"This volume presents an attempt to construct a unified cognitive theory of science in relatively short compass. It confronts the strong program in sociology of science and the positions of various postpositivist philosophers of science, developing significant alternatives to each in a readily comprehensible style. It draws loosely on recent developments in cognitive science, without burdening the argument with detailed results from that source. . . . The book is thus a provocative one. Perhaps that is a measure of its value: it will lead scholars and serious students from a number of science studies disciplines into continued and sharpened debate over fundamental questions."—Richard Burian, Isis
"The writing is delightfully clear and accessible. On balance, few books advance our subject as well."—Paul Teller, Philosophy of Science
This is one of the earlier books that provided a coherent understanding of science by using philosophical, historical, sociological, and cognitive perspectives. This is now the dominant program in the modern efforts to create a definition of science. The author states that science is a human cognitive activity, “concerned with the generation of science” (p.10). Scientific theories resemble the cognitive maps used to understand the process of human learning. How best from these multiple perspectives to describe science: is about the literal truth or empirical accuracy? The author examines a broad range of conceptions of science that can be regarded on axes of “theory representation” with a range from external truth (realist) to human created (anti-realist) and “theory judgment” from rational to natural. Giere is in the natural realist domain. The section on the development and acceptance of the theory of plate tectonics is a recent and well-documented historical case study for defining the word “science”.

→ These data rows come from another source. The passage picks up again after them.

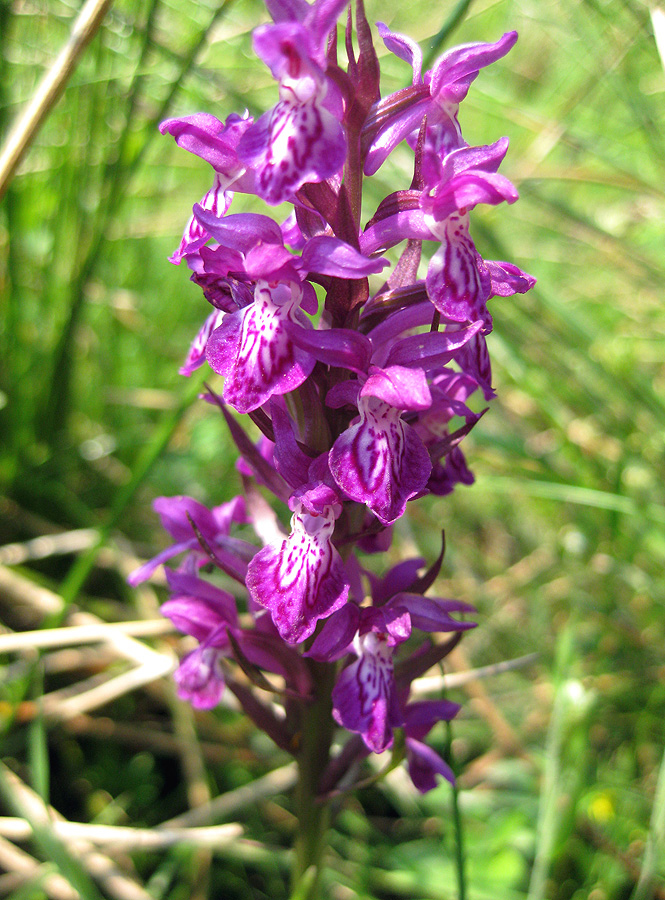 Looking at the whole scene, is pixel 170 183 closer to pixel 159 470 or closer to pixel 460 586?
pixel 159 470

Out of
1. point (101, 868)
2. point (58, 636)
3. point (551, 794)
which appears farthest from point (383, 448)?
point (101, 868)

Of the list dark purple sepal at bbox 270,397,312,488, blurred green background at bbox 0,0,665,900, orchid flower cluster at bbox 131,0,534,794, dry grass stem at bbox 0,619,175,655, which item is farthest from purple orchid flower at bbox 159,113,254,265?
dry grass stem at bbox 0,619,175,655

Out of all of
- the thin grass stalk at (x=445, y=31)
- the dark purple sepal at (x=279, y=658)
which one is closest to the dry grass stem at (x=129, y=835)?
the dark purple sepal at (x=279, y=658)

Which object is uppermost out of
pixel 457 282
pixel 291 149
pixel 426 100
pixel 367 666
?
pixel 426 100

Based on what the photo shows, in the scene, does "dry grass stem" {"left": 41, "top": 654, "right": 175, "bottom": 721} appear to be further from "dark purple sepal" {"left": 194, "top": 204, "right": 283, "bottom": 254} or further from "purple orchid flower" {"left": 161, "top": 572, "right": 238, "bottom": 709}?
"dark purple sepal" {"left": 194, "top": 204, "right": 283, "bottom": 254}

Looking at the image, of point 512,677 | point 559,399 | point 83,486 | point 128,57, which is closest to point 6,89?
point 128,57

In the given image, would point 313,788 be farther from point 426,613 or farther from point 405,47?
point 405,47

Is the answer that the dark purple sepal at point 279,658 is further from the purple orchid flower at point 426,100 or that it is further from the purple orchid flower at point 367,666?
the purple orchid flower at point 426,100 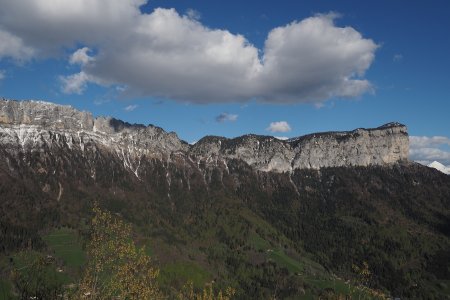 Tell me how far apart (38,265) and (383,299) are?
124 ft

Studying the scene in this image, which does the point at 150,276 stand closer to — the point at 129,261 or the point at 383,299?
the point at 129,261

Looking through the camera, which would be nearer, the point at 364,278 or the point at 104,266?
the point at 104,266

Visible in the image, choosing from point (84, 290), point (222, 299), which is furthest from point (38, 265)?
point (222, 299)

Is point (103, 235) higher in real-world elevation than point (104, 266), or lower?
higher

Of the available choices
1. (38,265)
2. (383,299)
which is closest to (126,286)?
(38,265)

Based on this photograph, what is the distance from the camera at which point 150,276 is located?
135ft

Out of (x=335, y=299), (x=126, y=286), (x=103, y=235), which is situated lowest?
(x=335, y=299)

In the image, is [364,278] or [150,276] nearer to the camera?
[150,276]

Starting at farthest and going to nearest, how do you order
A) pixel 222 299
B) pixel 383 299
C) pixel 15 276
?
pixel 383 299, pixel 222 299, pixel 15 276

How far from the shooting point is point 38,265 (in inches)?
1594

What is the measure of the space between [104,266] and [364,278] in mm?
26015

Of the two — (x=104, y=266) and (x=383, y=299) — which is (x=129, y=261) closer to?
(x=104, y=266)

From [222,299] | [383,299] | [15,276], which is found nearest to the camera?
[15,276]

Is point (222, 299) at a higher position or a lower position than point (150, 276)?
lower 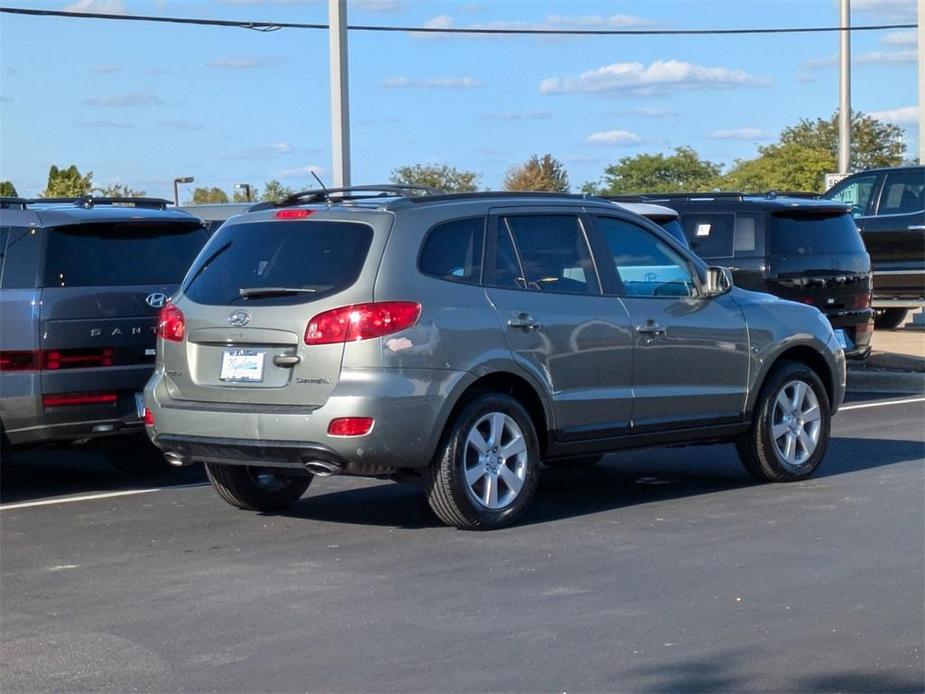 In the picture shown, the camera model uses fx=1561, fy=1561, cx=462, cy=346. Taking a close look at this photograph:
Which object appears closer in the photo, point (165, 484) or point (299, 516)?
point (299, 516)

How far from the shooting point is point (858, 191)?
22.2 metres

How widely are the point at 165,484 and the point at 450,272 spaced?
3.31m

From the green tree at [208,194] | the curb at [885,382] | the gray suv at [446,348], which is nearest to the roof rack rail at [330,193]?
the gray suv at [446,348]

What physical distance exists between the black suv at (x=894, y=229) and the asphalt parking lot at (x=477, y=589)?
36.1 feet

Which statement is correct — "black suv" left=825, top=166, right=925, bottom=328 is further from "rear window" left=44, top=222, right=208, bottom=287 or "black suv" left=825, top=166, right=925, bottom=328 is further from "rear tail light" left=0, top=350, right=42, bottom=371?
"rear tail light" left=0, top=350, right=42, bottom=371

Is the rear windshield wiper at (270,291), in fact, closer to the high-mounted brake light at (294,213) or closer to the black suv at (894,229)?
the high-mounted brake light at (294,213)

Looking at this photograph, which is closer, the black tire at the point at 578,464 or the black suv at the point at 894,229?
the black tire at the point at 578,464

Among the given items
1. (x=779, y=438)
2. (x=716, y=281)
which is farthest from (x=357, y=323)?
(x=779, y=438)

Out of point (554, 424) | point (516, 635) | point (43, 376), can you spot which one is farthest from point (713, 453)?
point (516, 635)

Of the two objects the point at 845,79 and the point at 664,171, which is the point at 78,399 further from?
the point at 664,171

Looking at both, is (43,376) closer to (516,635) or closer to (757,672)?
(516,635)

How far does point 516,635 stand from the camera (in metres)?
6.30

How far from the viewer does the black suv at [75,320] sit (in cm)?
964

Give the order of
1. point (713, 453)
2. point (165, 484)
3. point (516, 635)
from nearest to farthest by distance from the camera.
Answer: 1. point (516, 635)
2. point (165, 484)
3. point (713, 453) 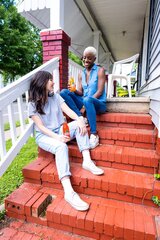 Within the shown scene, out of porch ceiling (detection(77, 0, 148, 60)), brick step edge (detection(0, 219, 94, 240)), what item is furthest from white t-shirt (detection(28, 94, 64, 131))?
porch ceiling (detection(77, 0, 148, 60))

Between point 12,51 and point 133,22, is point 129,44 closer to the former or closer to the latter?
point 133,22

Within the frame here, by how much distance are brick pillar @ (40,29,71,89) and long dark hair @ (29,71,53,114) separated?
2.74 feet

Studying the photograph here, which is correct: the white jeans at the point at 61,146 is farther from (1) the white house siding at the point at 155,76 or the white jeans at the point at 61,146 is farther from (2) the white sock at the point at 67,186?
(1) the white house siding at the point at 155,76

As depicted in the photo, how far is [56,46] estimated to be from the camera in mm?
2688

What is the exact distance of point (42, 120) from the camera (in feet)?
6.42

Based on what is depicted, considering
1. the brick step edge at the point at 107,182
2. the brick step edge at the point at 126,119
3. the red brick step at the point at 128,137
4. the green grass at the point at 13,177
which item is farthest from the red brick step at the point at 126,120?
the green grass at the point at 13,177

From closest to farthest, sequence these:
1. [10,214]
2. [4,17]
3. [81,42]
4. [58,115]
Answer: [10,214]
[58,115]
[81,42]
[4,17]

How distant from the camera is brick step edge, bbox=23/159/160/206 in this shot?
1.54 meters

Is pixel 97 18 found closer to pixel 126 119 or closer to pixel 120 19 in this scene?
pixel 120 19

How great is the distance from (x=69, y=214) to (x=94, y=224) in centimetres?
21

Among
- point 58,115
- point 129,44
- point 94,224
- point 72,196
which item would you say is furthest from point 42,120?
point 129,44

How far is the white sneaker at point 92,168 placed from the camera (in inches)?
68.4

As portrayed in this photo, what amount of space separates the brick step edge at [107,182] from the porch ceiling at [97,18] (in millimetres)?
2523

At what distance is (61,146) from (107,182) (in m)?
0.54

In this book from 1988 Ronald Giere begins to build his own semantic view of scientific theories, in what he calls "constructive realism", in opposition to the "syntactic view" or "received view".

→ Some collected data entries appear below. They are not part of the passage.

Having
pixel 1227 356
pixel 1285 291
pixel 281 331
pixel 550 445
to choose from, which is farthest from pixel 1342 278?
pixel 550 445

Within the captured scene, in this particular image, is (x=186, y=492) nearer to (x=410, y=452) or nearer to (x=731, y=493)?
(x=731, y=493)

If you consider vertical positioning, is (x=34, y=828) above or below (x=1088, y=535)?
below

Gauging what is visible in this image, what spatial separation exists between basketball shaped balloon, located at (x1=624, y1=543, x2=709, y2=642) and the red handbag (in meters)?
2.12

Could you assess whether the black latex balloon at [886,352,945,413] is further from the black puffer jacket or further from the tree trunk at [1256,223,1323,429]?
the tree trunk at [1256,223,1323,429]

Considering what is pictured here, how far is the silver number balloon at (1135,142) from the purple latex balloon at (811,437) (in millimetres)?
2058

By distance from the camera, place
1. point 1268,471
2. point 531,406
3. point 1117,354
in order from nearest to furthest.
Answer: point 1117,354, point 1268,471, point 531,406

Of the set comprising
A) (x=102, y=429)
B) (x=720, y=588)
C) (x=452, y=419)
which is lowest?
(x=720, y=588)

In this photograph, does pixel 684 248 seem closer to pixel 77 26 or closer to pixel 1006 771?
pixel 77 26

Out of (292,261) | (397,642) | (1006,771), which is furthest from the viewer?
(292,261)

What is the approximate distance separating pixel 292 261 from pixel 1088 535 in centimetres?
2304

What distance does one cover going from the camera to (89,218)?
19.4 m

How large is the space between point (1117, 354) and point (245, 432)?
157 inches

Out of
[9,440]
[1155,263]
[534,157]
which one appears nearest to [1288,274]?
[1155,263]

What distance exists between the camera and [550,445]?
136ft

For the author, a scientific theory is an heterogeneous entity consisting, on the one hand, of a family of models, and, on the other, a collection of hypotheses, which are linguistic entities. A hypothesis explicitly asserts that some model is similar to some system (or collection of systems) in the real world in such-and-such respects and to such-and-such degrees of accuracy.
Moreover, Giere describes scientists as intentional agents: they construct models and state hypotheses for representing reality with some intention.
A must-read book for anyone interested in Science and Philosophy of Science.
I highly recommend this book to practicing scientists. It explains the importance of social interactions in Science and the values or beliefs of individual scientists. The author supports his arguments using research conducted in real scientific environments. As a scientific researcher myself, it is interesting to actually experience scenarios that are similar to author's description. For those like me who are less familiar with the "philosophy of science", the author provides a good summary at the start.
Enjoyed Giere's mixture of disciplinary survey, case-study and appropriation of cognitive theory. An early example of these ideas crossing over into the social studies.